Please see PS1 and the grading rubric for formatting and attribution requirements.

Problems

Suppose I need to compute the generalized least squares estimator, $\hat{β} = (X^{⊤} Σ^{- 1} X)^{- 1} X^{⊤} Σ^{- 1} Y$ , where $X$ is $n \times p$ and $Σ$ is a positive definite $n \times n$ matrix. Assume that $n > p$ and $n$ could be of order several thousand and $p$ of order in the hundreds. First write out in pseudo-code how you would do this in an efficient way - i.e., the particular linear algebra steps and the order of operations. Then write efficient R code in the form of a function, gls(), to do this - you can rely on the various high-level functions for matrix decompositions and solving systems of equations, but you should not use any code that already exists for doing generalized least squares.
We’ve seen how to use Gaussian elimination (i.e., the LU decomposition) to solve $A x = b$ and that we can do the solution in $n^{3} / 3$ operations (plus lower-order terms). Suppose I want to know how inefficient it is to explicitly invert the matrix $A$ and then multiply, thereby finding $x = A^{- 1} b$ via matrix-vector multiplication. If we look at R’s solve.default(), we see it solves the system $A Z = I$ to find $Z = A^{- 1}$ . Next note that help(solve) indicates it calls a Lapack routine DGESV, which uses the LU decomposition.
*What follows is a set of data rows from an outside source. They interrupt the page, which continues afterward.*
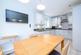 Additional image 8 of Mill Rise, Huddersfield, West Yorkshire, HD4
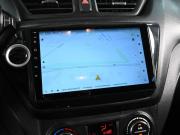 Kia Rio III Ростов-на-Дону  - изображение 36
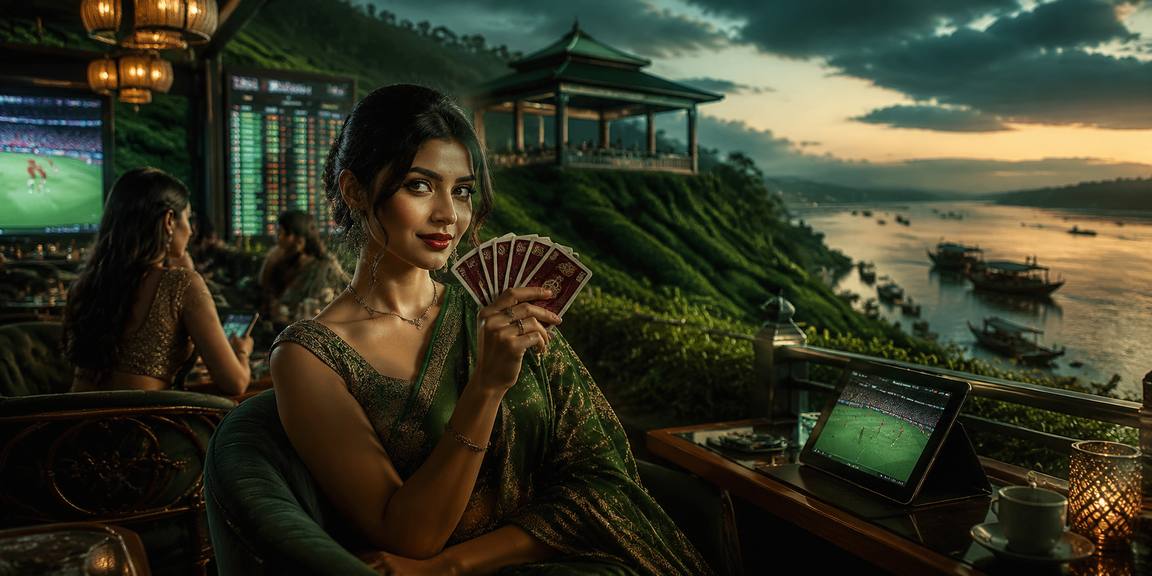 jiya999 mobile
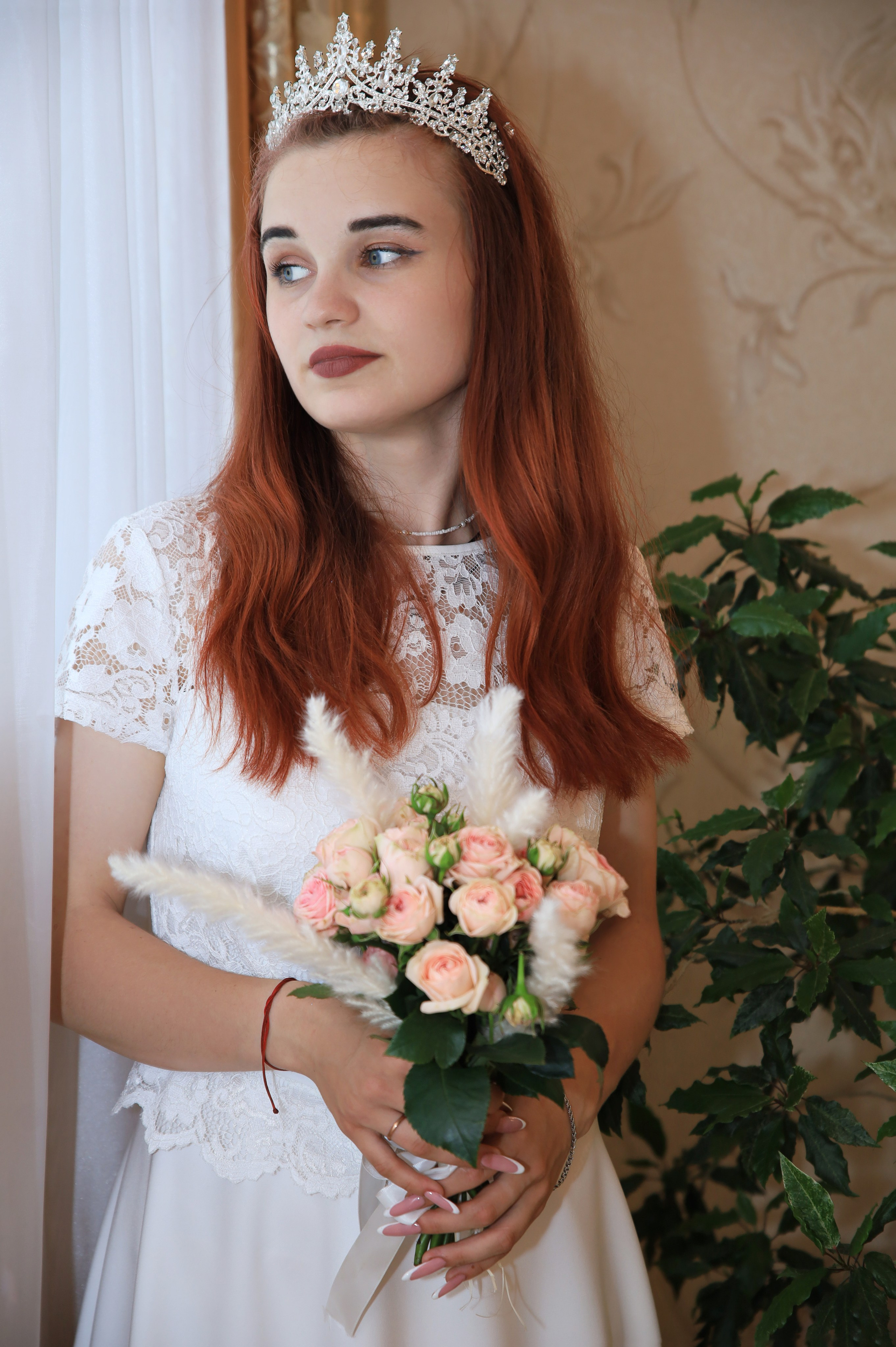 Свадьба. Свадебный и школьный фотограф в Аткарске и Саратове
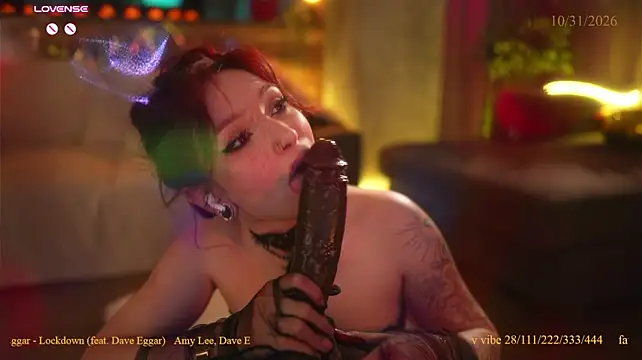 Vse_sukki - naked doggy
Count the number of computations for
1. transforming $A Z = I$ to $U Z = I^{*}$ (where $I^{*}$ is no longer a diagonal matrix),
2. for solving for $Z$ given $U Z = I^{*}$ , and
3. for calculating $x = Z b$ .
Then compare the total cost to the $n^{3} / 3$ cost of what we saw in class.

Notes:
- In counting the computations you should be able to make use of various results we derived in class concerning the Gaussian elimination computations and computations involved in a backsolve, so your answer should be able to simply combine together results we’ve already discussed without any detailed new derivation.
- Given that R’s call to dgesv doesn’t take account of the special (diagonal) structure of $I$ on the right-hand side, you do not need to take account of the fact that because $I$ has zeroes and ones, one can actually save some computation. You can simply count the calculations as if $I$ were filled with arbitrary values. (Note: if we did actually try to be careful about making use of the structure of $I$ , it turns out we could save $n^{3} / 3$ calculations.)
Two-stage least squares (2SLS) is a way of implementing a causal inference method called instrumental variables that is commonly used in economics. Consider the following set of regression equations: $\begin{aligned} \hat{X} & = & Z (Z^{⊤} Z)^{- 1} Z^{⊤} X \\ \hat{β} & = & ({\hat{X}}^{⊤} \hat{X})^{- 1} {\hat{X}}^{⊤} y \end{aligned}$ which can be interpreted as regressing $y$ on $X$ after filtering such that we only retain variation in $X$ that is correlated with the instrumental variable $Z$ . An economics graduate student asked how he could compute $\hat{β}$ if $Z$ is 60 million by 630, $X$ is 60 million by 600, and $y$ is $60$ million by 1, but both $Z$ and $X$ are sparse matrices.
1. Describe briefly why I can’t do this calculation in two steps as given in the equations, even if I use the techniques for OLS discussed in class for each stage.
2. Figure out how to rewrite the equations such that you can actually calculate $\hat{β}$ on a computer without a huge amount of memory. You can assume that any matrix multiplications involving sparse matrices can be done on the computer (e.g., using the spam package in R). Describe the specific steps of how you would do this and/or write out in pseudo-code.
Notes:
- The product of two sparse matrices is not (in general) sparse and would not be sparse in this case.
- As discussed in Section 6 of Unit 10, there are R packages (and software packages more generally) for efficiently storing (to save memory) and efficiently doing matrix manipulations (to save computation time) with sparse matrices.
(Extra credit) In class we saw that the condition number when solving a system of equations, $A x = b$ , is the ratio of the absolute values of the largest and smallest magnitude eigenvalues of $A$ . Show that $∥ A ∥_{2}$ (i.e., the matrix norm induced by the usual L2 vector norm; see Section 1 of Unit 10) is the largest of the absolute values of the eigenvalues of $A$ for symmetric $A$ . To do so, find the following quantity, $∥ A ∥_{2} = sup_{z : ∥ z ∥_{2} = 1} \sqrt{(A z)^{⊤} A z} .$ If you’re not familiar with the notion of the supremum (the sup here), just think of it as the maximum. It accounts for situations such as trying to find the maximum of the numbers in the open interval (0,1). The max is undefined in this case since there is always a number closer to 1 than any number you choose, but the sup in this case is 1.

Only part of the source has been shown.